Contents

Serverless Website with Cloudflare and AWS

Introduction

Initially I wanted an AWS project - whatever that may be, as I am (at the time of writing) studying for SAA-C03. Someone pitched me the idea of hosting a personal website which can also serve as a portofolio for such projects, so here it is.

Initially I looked at making it entirely within AWS (using Route 52 & CloudFront), yet CloudFlare came to mind and the plethora of features they offer alongside it being free, well, outside of the domain itself. The only costs inquired are for the domain and the S3 bucket. The data will be proxied via CloudFlare onto the S3 bucket which hosts the website. Everything is handled by CloudFlare as long as the DNS records are properly set.

Deployed in this article: https://www.adrian-docs.com/ Repositories used:

Getting Started

Now that that’s been established, the question is what to write the website with? To that end I was recommended Hugo by a friend, a simple lightweight static website generator written in Golang and used through markdown. Hugo will generate the website in public/ and this will be pushed onto the S3 bucket.

For deployment of infrastructure Terraform will be used. This will be used for the creation of all AWS resources and the CloudFlare records.

/posts/serverless_website/website_structure.png
Infrastructure - sort of

Conceptually, on the left side the users make a request to CloudFlare and that is forwarded to the S3 bucket. This is true for the subdomain bucket. Practically, the apex bucket redirects all requests to www.adrian-docs.com and then the same workflow happens. The apex bucket is not shown in the diagram. On the right side is the GitHub workflow - which simply utilizes GitHub actions to deploy the website on the bucket upon a push.

Installing Hugo

Hugo has a dependency on Golang - which has to be installed first. Their quickstart guide is sufficient to get a website running. Several configurations can be added in the hugo.yaml file and new pages can be written in markdown - each page can be created with a command such as hugo new posts/example-post.md. By running hugo server -D you can locally test each and every change on localhost:1313/.

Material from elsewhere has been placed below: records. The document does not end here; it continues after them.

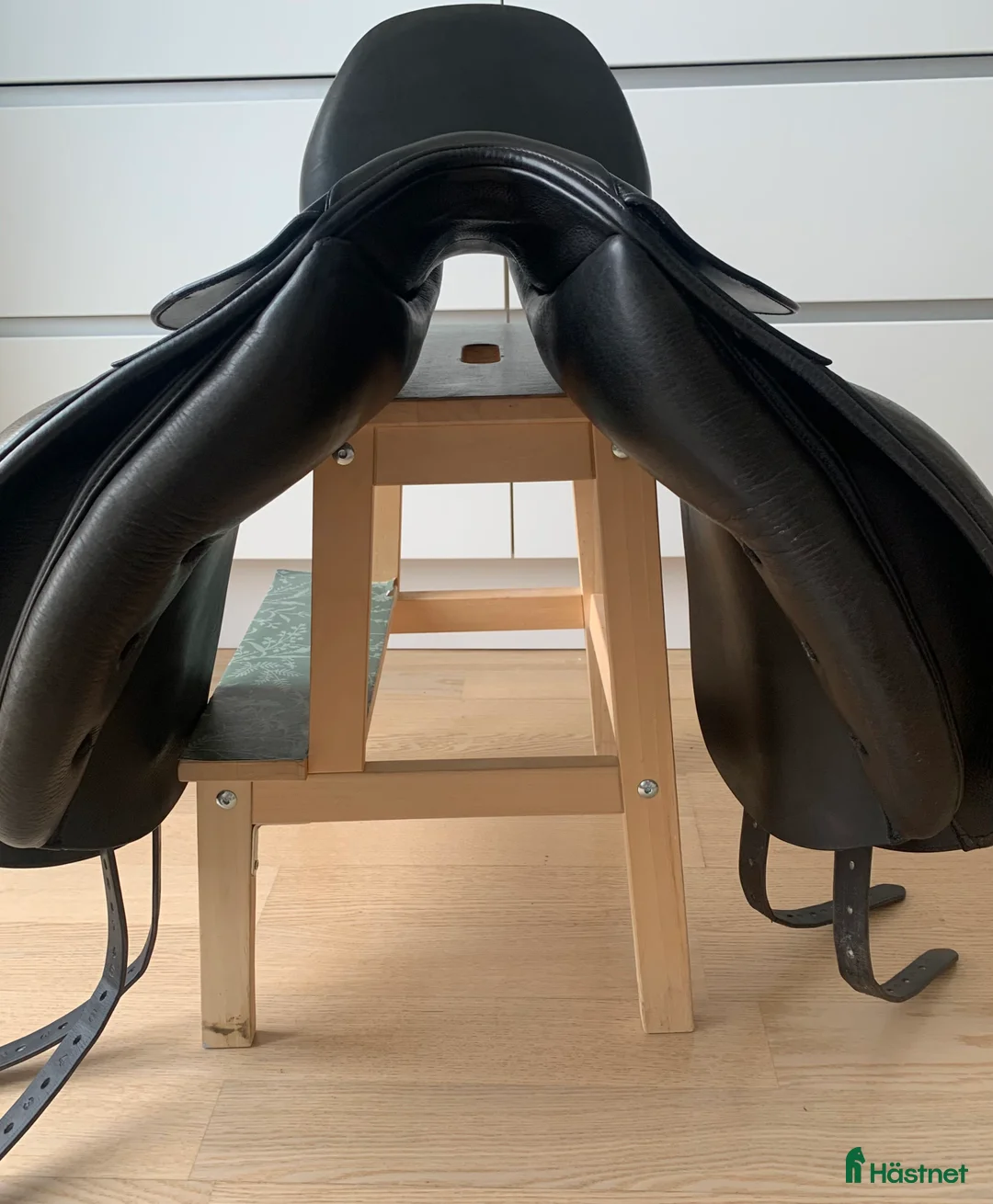 Sadlar hästutrustning till salu: Ikonic dressyr 16,5”. Koppjärn i Veddige - Annons 3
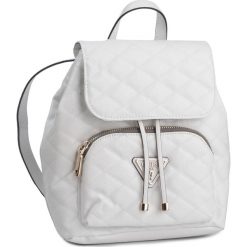 Plecak GUESS - Astrid (SG) HWSG74 79320 WHI. Białe plecaki damskie Guess, z aplikacjami, ze skóry ekologicznej. W wyprzedaży za 499,00 zł.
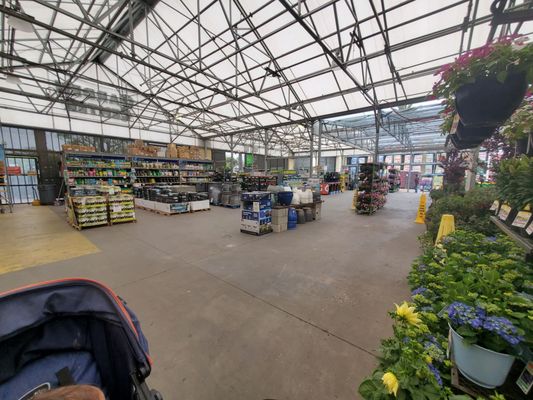 Lowe's Home Improvement by null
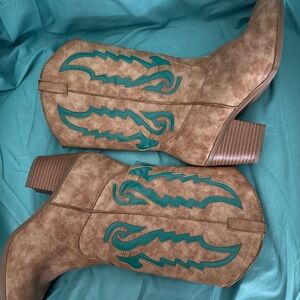 Maurices Tan and Teal Heeled Boots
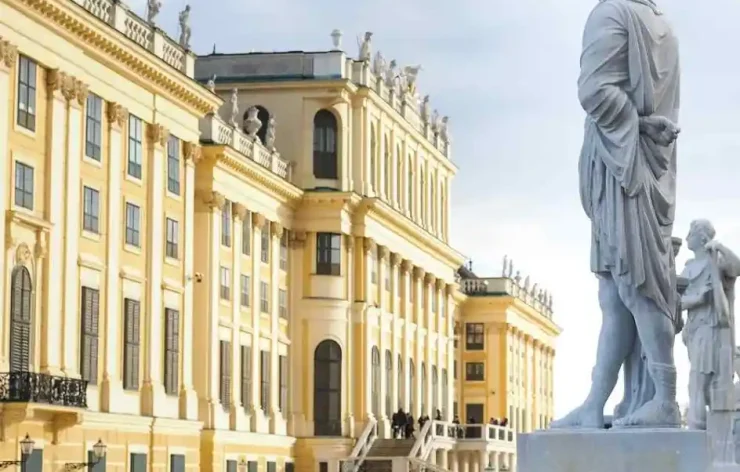 Schönbrunn Palace Tour with Tour Guide and ticket Vienna, Austria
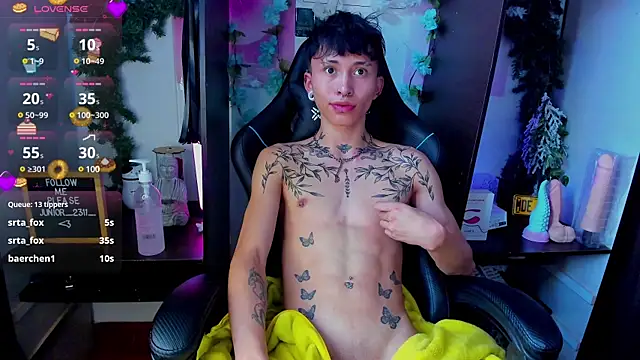 juniior 2311  online show from March 20, 2025, 6:09 pm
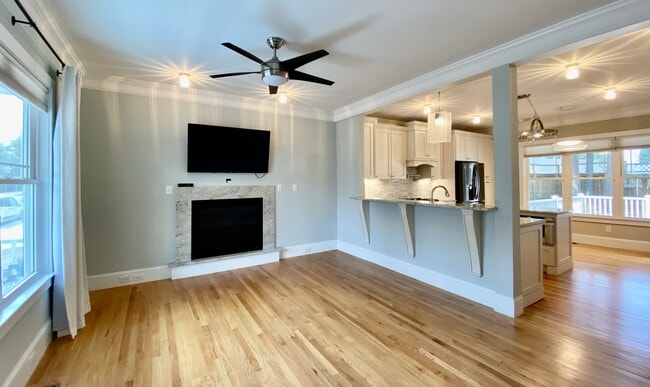 Building Photo - 305 Mallard Ave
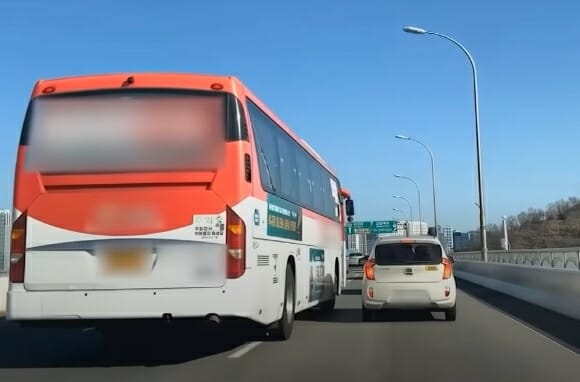 [영상] 칼치기한 모닝·위협 주행한 버스, 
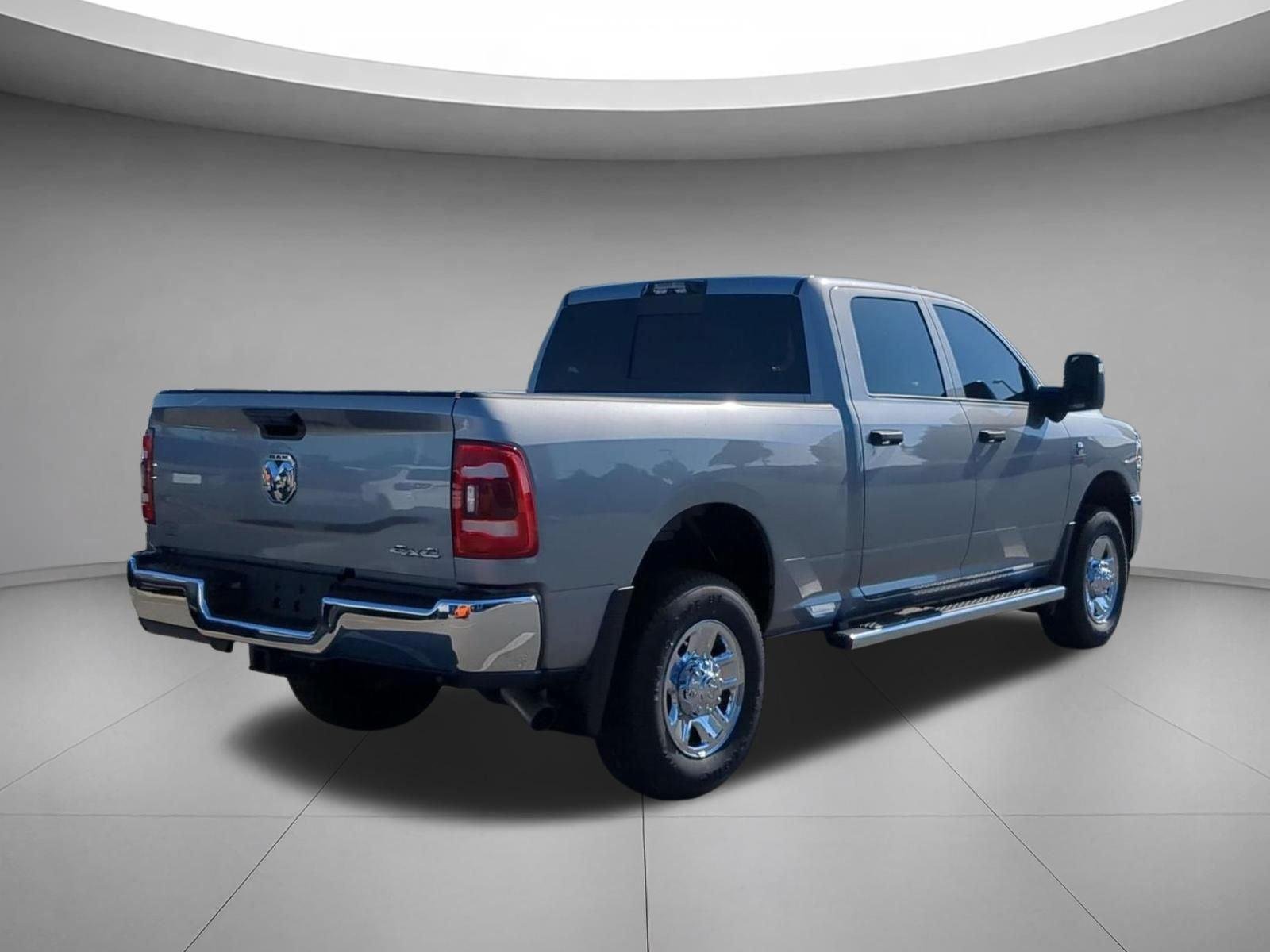 Used 2024 Billet Silver Metallic Clearcoat Ram Tradesman image 5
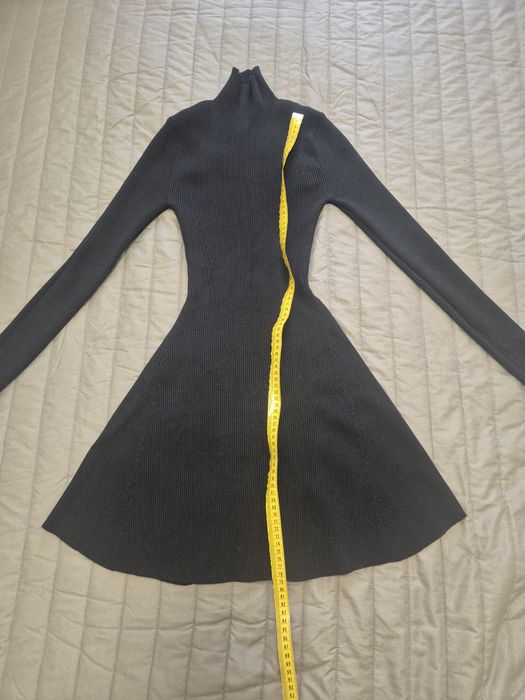 Сукня трикотажна міні від zara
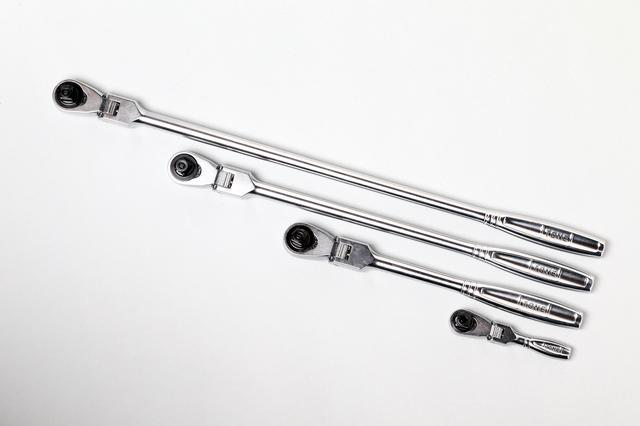 画像: こちらは首振りタイプのラチェットハンドル。どれも差し込み角9.5㎜で、全長は上から427㎜、327㎜、227㎜、90㎜。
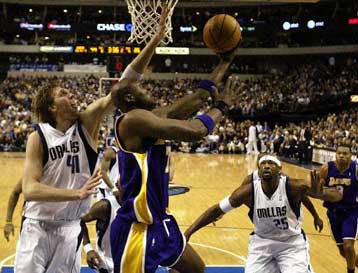 Με πρωταγωνιστή τον Νοβίτσκι οι Μάβερικς επικράτησαν των Λέικερς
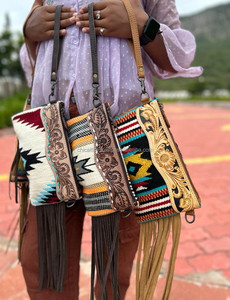 กระเป๋าสะพายข้างหนัง Aztec กระเป๋าหลากสีแนววินเทจ - Product Image 4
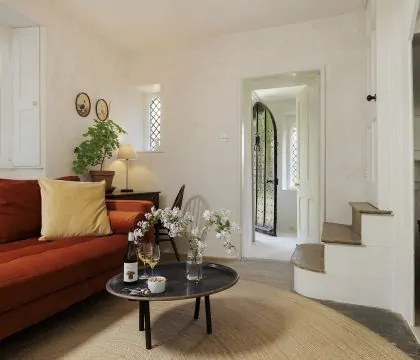 The Gatehouse Sitting Room - StayCotswold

Building the Infrastructure

To this end Terraform is used. The website infrastructure will be in a seperate repository than the website itself. The repository will be structured like so:

website_blog_infra
├── cloudflare.tf
├── export_env.bash
├── main.tf
├── s3_apex.tf
├── s3_subdomain.tf
└── variables.tf

Here is what each folder will contain:

  • cloudflare.tf -> deployment of two DNS records and fetching some data using the CloudFlare provider
  • export_env.bash -> setting environment variables that Terraform uses, will not be committed to the repository
  • main.tf -> statefile and provider configuration
  • s3_subdomain.tf -> deployment of the S3 subdomain bucket alongside its policies and configuration
  • s3_apex.tf -> deployment of the S3 apex bucket alongside its policies and configuration
  • variables.tf -> declaration of the terraform variables and their defaults

Providers configuration and backend

The following is the main.tf fille:

terraform {
  required_providers {
    aws = {
      source  = "hashicorp/aws"
      version = "5.20.0"
    }
    cloudflare = {
      source  = "cloudflare/cloudflare"
      version = "4.16.0"
    }
  }

  backend "s3" {
    bucket = "website-blog-terraform"
    key    = "state/main"
    region = "eu-central-1"
  }
}

There are two things going on here.

  1. The first are the providers. There are two providers, CloudFlare and AWS, and the latest version has been hardcoded for each.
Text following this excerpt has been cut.